Masyarakat (khususnya Jawa) kadung mengenal istilah Mo-Limo sebagai Maling (mencuri, termasuk juga korupsi), madat (nyabu), main (berjudi), minum (mabuk-mabukan), dan madon (main perempuan). Semuanya sebagai pantangan, ora ilok, yang harus dijauhi (prefentif), diberantas (post facto), dan pihak-pihak yang jadi korban diobati (kuratif).
Dengan latar belakang seperti itu maka terbilang aneh jika ada orang yang memberi nasehat untuk melakukan Mo Limo, apalagi nasehat itu diberikan sebagai nasehat pernikahan bagi mempelai. Orang yang nekat menentang arus tersebut kebetulan adalah ki Dalang yang sedang manggung karena ditanggap oleh shahibul hajat yang sedang menikahkan anaknya. Bayangin ki Dalang yang tugasnya sangat mulia ngudal piwulang (memaparkan ilmu dan hikmah) memberi nasehat bagi mempelai untuk melakukan Mo Limo.
Dalang yang satu ini secara mbeling menentang arus dengan mempergunakan terminologi yang kadung populer berkonotasi negatif kemudian dibelokkan dengan isi (content) yang berbeda. Jika isinya tidak diganti, ia bisa dipecat dari profesinya sebagai dalang. Bahkan bisa-bisa digantung. Segi positifnya, dengan mempergunakan istilah Mo Limo yang sudah populer akan mendapat perhatian khalayak (fungsi stopper). Setelah khalayak antusias, baru dech dia beberkan apa isi dari Mo Limo versi nasehat nikahnya.

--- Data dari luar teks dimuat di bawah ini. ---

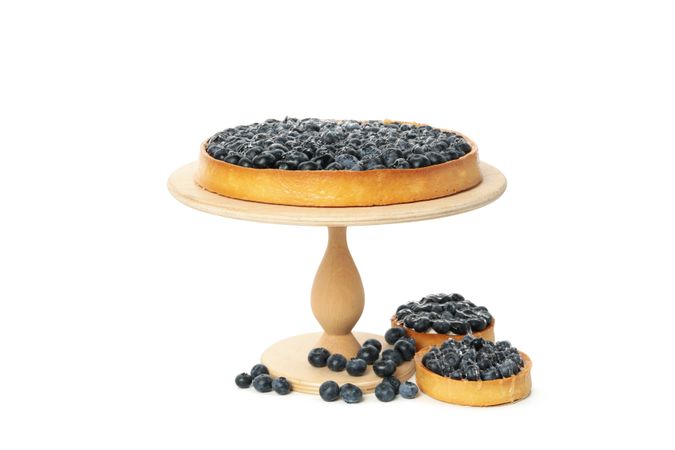 Wooden board with blueberry pie isolated on light background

1. Mlumah (untuk orang tidur berarti posisi menghadap ke atas, tengadah)
2. Mengkurep (untuk orang tidur berarti posisi menghadap ke bawah, tengkurap)
3. Modod (istilah untuk barang yang dimensi ukurannya bisa bertambah panjang dan bertambah besar)
4. Mlebu (masuk)
5. Metu (keluar)
Isinya sama sekali berbeda kan dengan Mo Limo versi generik. Hanya saja kok terkesan saru (jorok, menjurus ke seks), seperti kupasan dr. boyke aja. Apakah ki Dalang ini emang bener-bener mbeling ya? Waktu pertama mendengarnya dari seorang Master Consultant yang memberikan nasehat kepada rekan yang dalam waktu dekat akan menikah, kami sempat berpikir begitu sambil mesam mesem. Tetapi Bapak Tua asal Banyumas yang emang sejak mudanya penggemar berat wayang itu segera menambahkan bahwa tidak sedangkal itu nasehat ki Dalang. Bukan dalang namanya kalau tidak ada unsur filosofis dalam apa yang disampaikannya.
Rupanya:
1. Mlumah dalam arti advance maksudnya menghadap ke langit, senantiasa ingat kepada yang kuasa. Keluarga samara (sakinah mawaddah warahmah) hanya akan terbina jika didasari iman, islam dan ihsan.
2. Mengkurep. Sebagai konsekuensi dari posisi orang tengkurap adalah hanya melihat yang di bawahnya. Maksudnya, dalam berumah tangga harus senantiasa fokus pada pasangan (baca: keluarga). Tidak boleh celingak celinguk, jelalatan lihat kanan kiri mencari yang lebih kinclong, bening kinyis-kinyis.
3. Modod. Berusahalah mengembangkan kompetensi dengan meningkatkan kemampuan, keterampilan, dan prigel untuk mencari nafkah dan atau bekal kehidupan lainnya dalam membina kehidupan (rumah tangga).
4. Mlebu. Apa pun yang di dapat dalam tahap sebelumnya, orientasi pertama adalah ke dalam (keluarga). For better or worse pasangan telah berjanji untuk membina rumah tangga, untuk itu segala sesuatunya harus dikomunikasikan ke dalam. Jangan sampai pasangan (anggota keluarga lain) justru tahunya dari pihak ketiga.
5. Metu. Orientasi pertama ke dalam tidak berarti menutup mata dan telinga dengan dunia luar. Ilmu, rezeki, dan lain-lain yang didapat tidak akan habis dikonsumsi sendiri. Share sebagian kepada orang lain sebagai amal. tangan di atas lebih baik dari tangan di bawah.
Dengan adanya dua versi Mo Limo ini maka diharapkan tidak membuat bingung. Bukankah Rasulullah SAW juga pernah menyampaikan pesan untuk memperhatikan lima sebelum yang lima (hidupmu sebelum matimu, sehatmu sebelum datang sakitmu, kesempatanmu sebelum kesempitanmu, mudamu sebelum tuamu dan kayamu sebelum datang melaratmu).